Ask yourself, what benefit have you got from all this technology. Have your bills got smaller? Have the banks protected you any more?
They have in their foot.
The laptop saga bears out this attitude.
Nobody got in touch to warn those whose details had been exposed. The only thing the banks did was make sure their own rear-ends were protected.
The bank is hiding behind the fact that it was only informed of the thefts after the event, and "in the past number of weeks", which is PR-speak for six weeks ago.
If the bank feels that it has been misunderstood, yet again, then a simple course of action remains open to it.
It can publish all details of when the thefts occurred, where, how they came to light and what measures were taken to protect the 10,000 customers.
Everything else is flim flam.
Bookies taking a punt on 'Paddy factor'
Why is it that the bookies think we'll feel better about doling out our dough if they dress up their public persona like floats at a Paddy's Day parade?
While Paddy Power adorns itself in the imagery of a boozy leprechaun, Cashman's logo is the harp, a gesture which proclaims its unapologetic Irishness.
Ivan Yates chose the name Celtic for his chain when it was launched back in the late 1980s and all this Paddywhackery stems from the arrival of the UK betting chains at the time.
Life has changed, however, and the industry -- which has quadrupled in revenues in less than 20 years -- is poised for more rationalisation.
Rumours reach us that Yates, who paid over €5m for the Joe Molloy chain of bookies in August 2006, may be about to get out the cheque book once more.
Celtic Bookmakers chain is whispered to be in discussions with Cork's Liam Cashman about a possible takeover of the latter's 10-strong chain of shops.
After Boylesports, Celtic are the largest of the so called 'independents' with over 60 shops.
Celtic aims to put itself in a competitive position with Ladbrokes, Powers, William Hill and Boyles, all of whom have well over 100 shops.
It takes Spanish cash and guts to beat credit jitters
Surely no major European bank is trading higher than it was 12 months ago?
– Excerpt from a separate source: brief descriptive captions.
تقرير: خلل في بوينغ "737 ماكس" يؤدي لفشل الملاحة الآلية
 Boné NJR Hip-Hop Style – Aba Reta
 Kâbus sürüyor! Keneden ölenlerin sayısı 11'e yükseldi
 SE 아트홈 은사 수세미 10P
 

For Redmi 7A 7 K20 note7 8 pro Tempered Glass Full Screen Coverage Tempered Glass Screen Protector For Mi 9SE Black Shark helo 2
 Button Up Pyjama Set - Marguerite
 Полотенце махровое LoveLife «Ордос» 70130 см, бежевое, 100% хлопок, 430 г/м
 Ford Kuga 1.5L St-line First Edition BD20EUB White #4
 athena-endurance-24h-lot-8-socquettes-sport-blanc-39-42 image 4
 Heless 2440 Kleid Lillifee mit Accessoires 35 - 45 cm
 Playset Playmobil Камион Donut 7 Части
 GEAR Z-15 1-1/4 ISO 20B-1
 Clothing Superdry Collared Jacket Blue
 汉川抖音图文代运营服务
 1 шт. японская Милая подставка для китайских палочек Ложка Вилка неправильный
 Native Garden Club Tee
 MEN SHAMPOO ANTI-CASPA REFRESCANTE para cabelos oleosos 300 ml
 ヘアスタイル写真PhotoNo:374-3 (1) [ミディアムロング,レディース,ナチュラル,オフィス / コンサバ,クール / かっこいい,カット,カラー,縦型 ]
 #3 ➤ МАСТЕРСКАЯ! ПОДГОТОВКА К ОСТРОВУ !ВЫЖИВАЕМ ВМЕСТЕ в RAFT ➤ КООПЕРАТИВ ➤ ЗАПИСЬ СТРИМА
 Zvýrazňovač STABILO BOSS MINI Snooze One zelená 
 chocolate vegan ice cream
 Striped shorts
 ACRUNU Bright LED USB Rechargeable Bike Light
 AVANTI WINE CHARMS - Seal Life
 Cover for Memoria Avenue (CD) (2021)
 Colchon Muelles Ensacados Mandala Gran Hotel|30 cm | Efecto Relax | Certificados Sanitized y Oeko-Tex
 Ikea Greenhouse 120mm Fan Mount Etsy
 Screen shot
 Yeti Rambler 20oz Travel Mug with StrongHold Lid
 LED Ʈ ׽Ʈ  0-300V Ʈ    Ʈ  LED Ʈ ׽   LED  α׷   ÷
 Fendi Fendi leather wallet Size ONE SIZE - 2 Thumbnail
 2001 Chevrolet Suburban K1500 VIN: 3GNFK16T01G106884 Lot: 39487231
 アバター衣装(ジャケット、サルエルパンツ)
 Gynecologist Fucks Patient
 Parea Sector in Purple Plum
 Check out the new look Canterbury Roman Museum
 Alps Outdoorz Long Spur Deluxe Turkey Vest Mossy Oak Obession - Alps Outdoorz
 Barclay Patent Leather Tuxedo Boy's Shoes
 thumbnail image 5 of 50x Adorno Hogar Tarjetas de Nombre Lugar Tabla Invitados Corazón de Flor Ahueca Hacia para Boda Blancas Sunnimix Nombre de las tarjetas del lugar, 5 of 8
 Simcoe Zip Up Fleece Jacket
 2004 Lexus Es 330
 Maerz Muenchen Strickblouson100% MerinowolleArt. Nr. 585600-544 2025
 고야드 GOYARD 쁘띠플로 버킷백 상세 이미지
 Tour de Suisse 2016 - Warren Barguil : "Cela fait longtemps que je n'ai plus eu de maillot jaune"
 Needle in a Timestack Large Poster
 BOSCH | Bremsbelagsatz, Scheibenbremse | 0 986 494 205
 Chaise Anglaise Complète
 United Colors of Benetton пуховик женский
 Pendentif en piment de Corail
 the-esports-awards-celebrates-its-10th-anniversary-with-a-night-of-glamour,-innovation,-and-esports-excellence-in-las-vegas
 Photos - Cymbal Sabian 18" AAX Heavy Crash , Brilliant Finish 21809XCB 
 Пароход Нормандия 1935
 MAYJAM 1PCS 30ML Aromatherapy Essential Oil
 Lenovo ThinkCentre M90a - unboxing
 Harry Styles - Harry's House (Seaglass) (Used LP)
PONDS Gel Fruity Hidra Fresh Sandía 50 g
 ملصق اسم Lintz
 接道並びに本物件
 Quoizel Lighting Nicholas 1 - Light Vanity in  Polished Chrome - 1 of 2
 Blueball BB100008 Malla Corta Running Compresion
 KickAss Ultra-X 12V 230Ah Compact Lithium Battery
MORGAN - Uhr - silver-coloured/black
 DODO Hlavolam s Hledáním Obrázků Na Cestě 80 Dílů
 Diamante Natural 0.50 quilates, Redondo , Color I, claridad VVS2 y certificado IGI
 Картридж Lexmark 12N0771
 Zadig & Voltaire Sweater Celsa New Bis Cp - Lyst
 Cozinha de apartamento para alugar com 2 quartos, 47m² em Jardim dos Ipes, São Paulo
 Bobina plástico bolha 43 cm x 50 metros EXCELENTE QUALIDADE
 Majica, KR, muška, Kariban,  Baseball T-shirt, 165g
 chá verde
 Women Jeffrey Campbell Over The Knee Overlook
Well, actually, there is one.
Banco Santander, with a market capitalisation of approximately €140bn, seems to be immune to global banking jitters and is trading at slightly higher than a year ago and some 30pc higher than it's recent lows. So why does the global market rate the stock so highly? Surely exposure to the highly-property dependant Spanish economy would be enough to dampen down the share price ?
It has a market leading presence in its home market and has swerved the subprime contagion.
It made over €7bn last year and, more to the point, it is one of the few institutions with enough cash -- and guts -- to buy up assets at knockdown prices. It recently bought about €1bn worth of consumer business from GE Money as well as spending €2.2bn on RBS' European Consumer Finance Business. It would seem that the easiest (only) way to raise cash quickly in banking circles is to sell painstakingly created consumer businesses.
Funny old world when all the fancy stuff on the balance sheet can't be turned into foldies and the new sexy side of banking is the loan and deposit business of normal mugs with credit cards, personal loans and low LTV mortgages.
Remember where you heard this first
At the moment there's no real point in recommending Irish stocks as the market continues to yoyo and, lets face it, everyone is praying we're not at the beginning of a right panic.
We got a bit fortunate a few weeks back pointing out that Horizon was a decent bet prior to the announcement that it had been subject of a bid and, on the other side of the fence, we mentioned in February that CPL Resources - though a good company - was likely to fall further.
However, I cannot get the sub €9 price of Bank of Ireland out of my thinking, so here goes a nice juicy hostage to fortune.
At the time of writing, the share price is at €8.80.